→ **Provided data**:
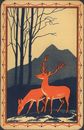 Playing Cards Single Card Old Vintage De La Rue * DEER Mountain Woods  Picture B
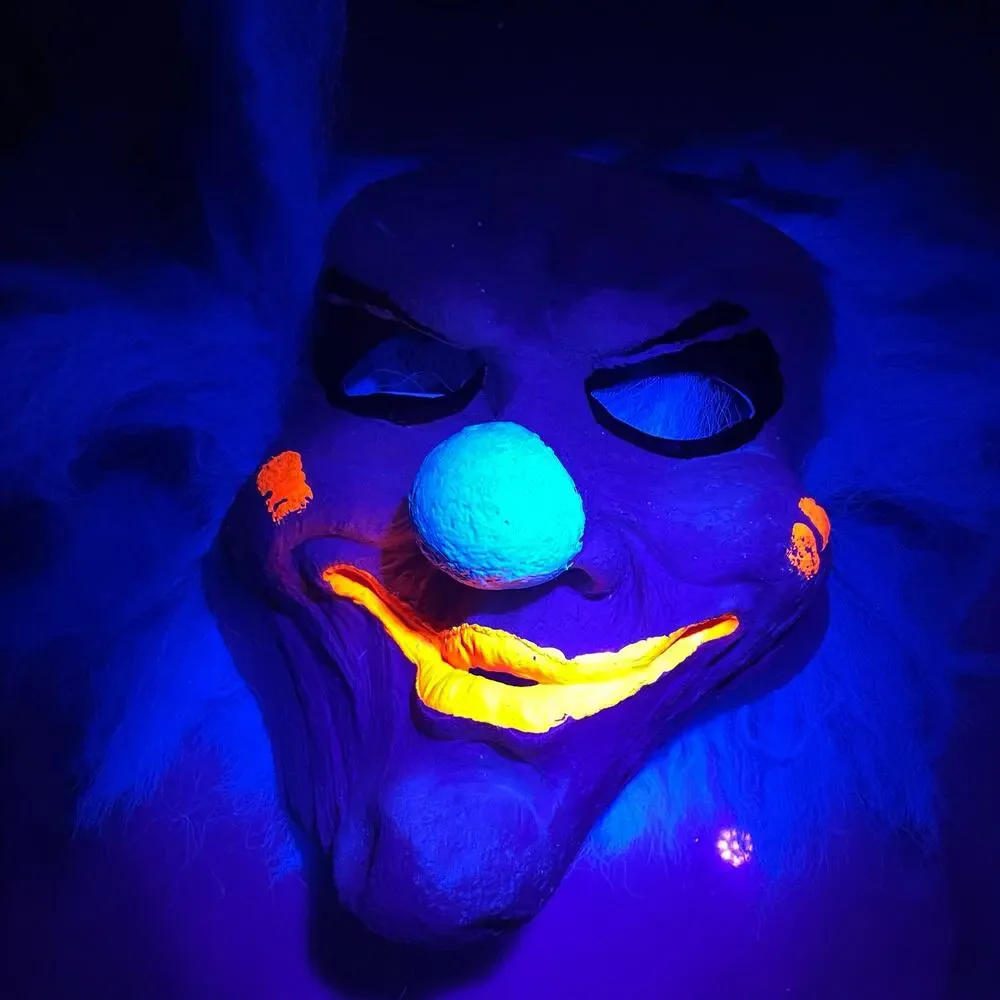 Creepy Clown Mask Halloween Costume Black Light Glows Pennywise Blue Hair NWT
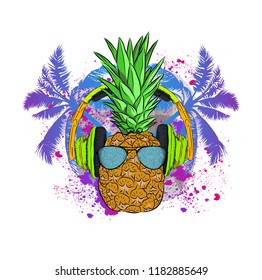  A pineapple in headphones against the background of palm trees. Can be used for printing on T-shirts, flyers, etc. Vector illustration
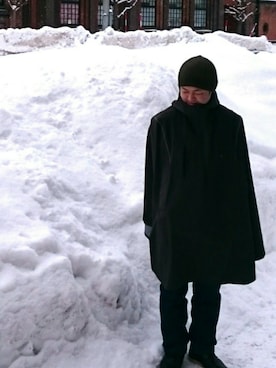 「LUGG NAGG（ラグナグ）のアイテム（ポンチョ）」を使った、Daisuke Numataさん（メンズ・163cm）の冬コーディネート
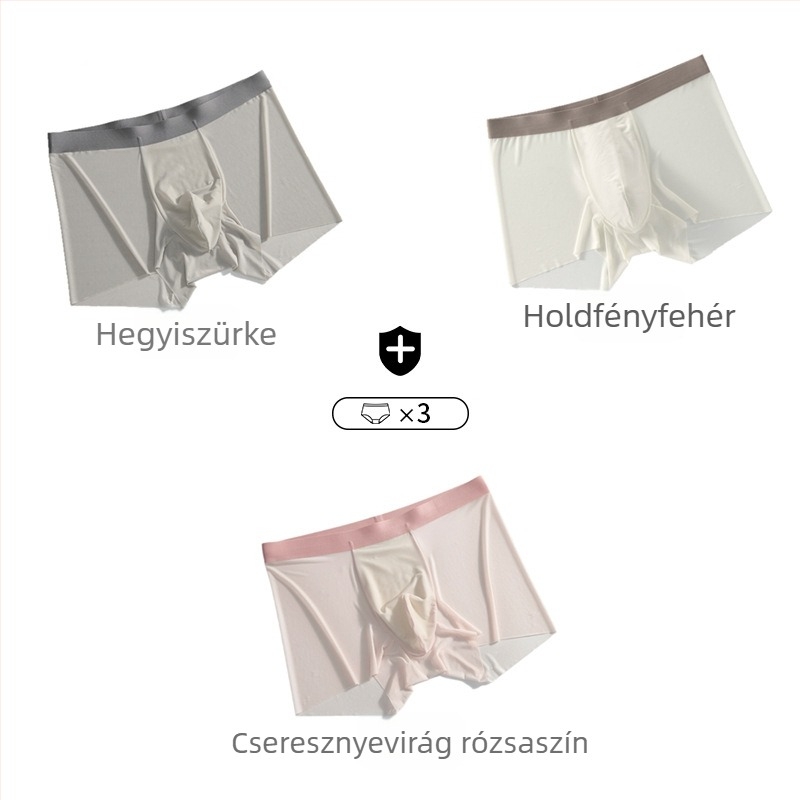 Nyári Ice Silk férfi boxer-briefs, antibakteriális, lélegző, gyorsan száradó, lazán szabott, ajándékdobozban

→ **Task details**: Images must not appear in the copy; reproduce everything else in the records verbatim.

→ **Solution for this task**:
 Playing Cards Single Card Old Vintage De La Rue * DEER Mountain Woods  Picture B
 Creepy Clown Mask Halloween Costume Black Light Glows Pennywise Blue Hair NWT
  A pineapple in headphones against the background of palm trees. Can be used for printing on T-shirts, flyers, etc. Vector illustration
 「LUGG NAGG（ラグナグ）のアイテム（ポンチョ）」を使った、Daisuke Numataさん（メンズ・163cm）の冬コーディネート
 Nyári Ice Silk férfi boxer-briefs, antibakteriális, lélegző, gyorsan száradó, lazán szabott, ajándékdobozban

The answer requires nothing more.